#### INSTRUCTIONS FOR THE TASK
Print exactly what appears from the line containing "Allen edmonds linwood" through the final line of the data below, pictures excluded.

#### RECORDS FOR THE EXERCISE
+++++

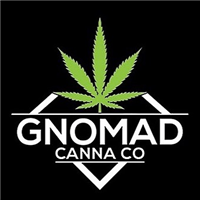 Gnomad Canna Co.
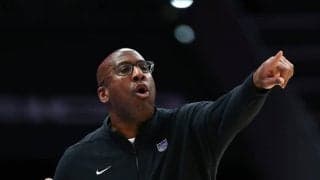 シボドー前HCの後任探しが難航していたニックス…マイク・ブラウンが次期HC就任へ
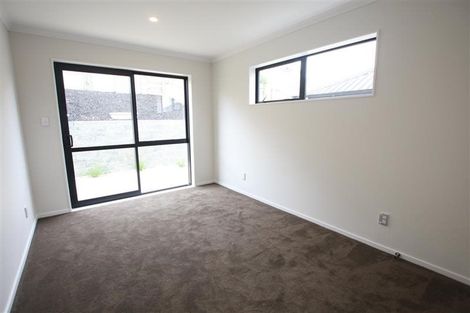 Photo of property in 12 Atalanta Way, Beachlands, Auckland, 2018
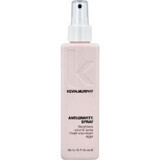 Lacca per capelli Kevin Murphy Anti.Gravity Spray non aerosol effetto volume 150 ml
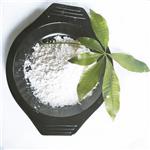 3-Aminophenol pictures
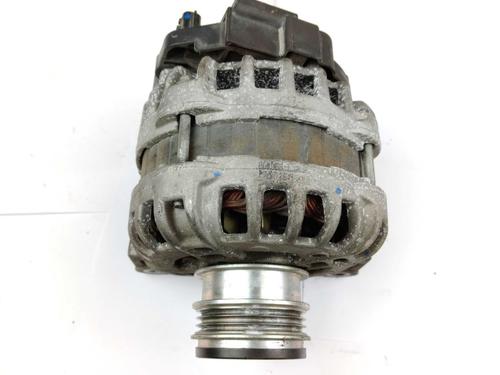 Alternator DACIA SANDERO II 1.2 | BP17718736M7 - Image 2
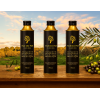 Extra-Virgin Olive Oil✫High Polyphenols✫3x750ml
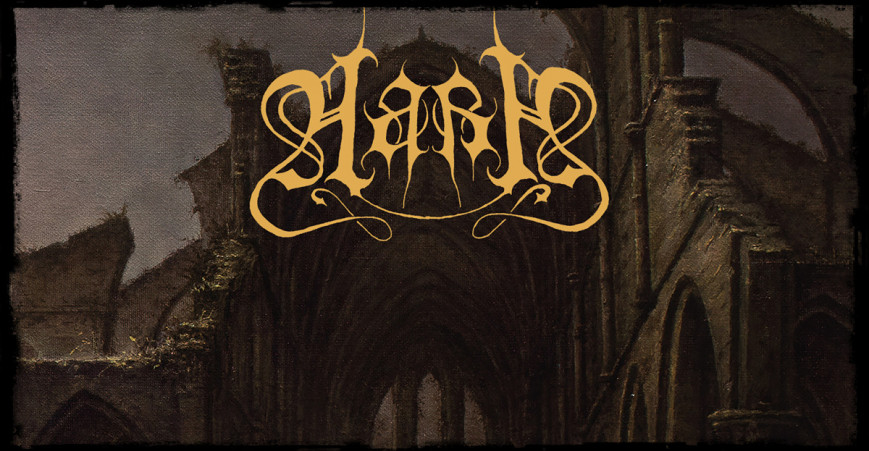 AARA announce "Triade II: Hemera"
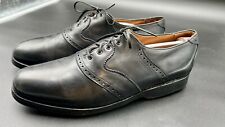 Allen edmonds linwood for sale  Pueblo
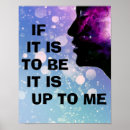 Recherche de responsabilité posters Inspiration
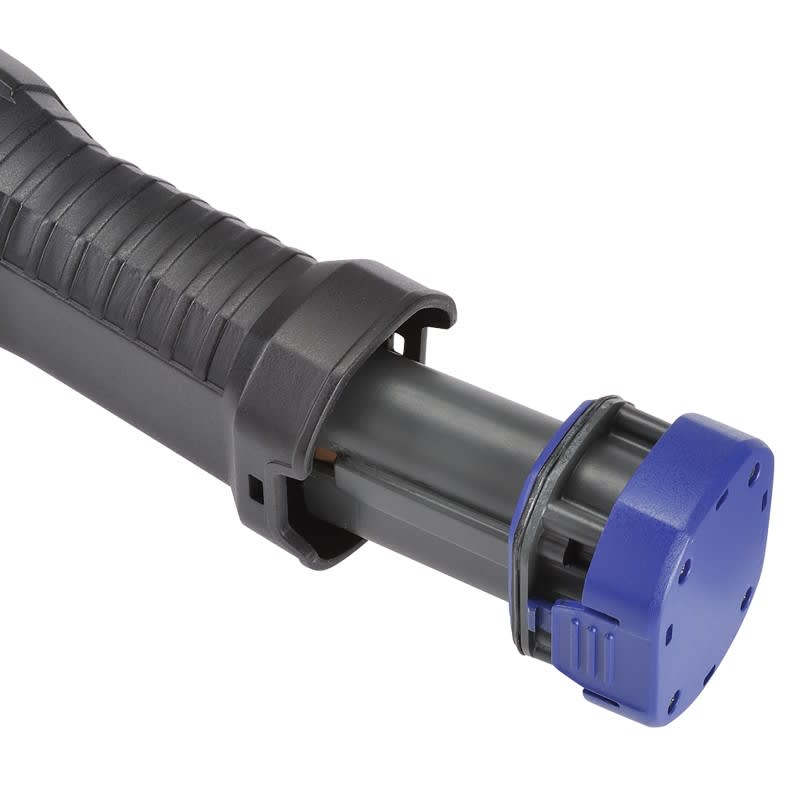 Narva Colt 1000 High Power Rechargeable Spotlight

+++++

#### WRITTEN RESPONSE
 Allen edmonds linwood for sale  Pueblo
 Recherche de responsabilité posters Inspiration
 Narva Colt 1000 High Power Rechargeable Spotlight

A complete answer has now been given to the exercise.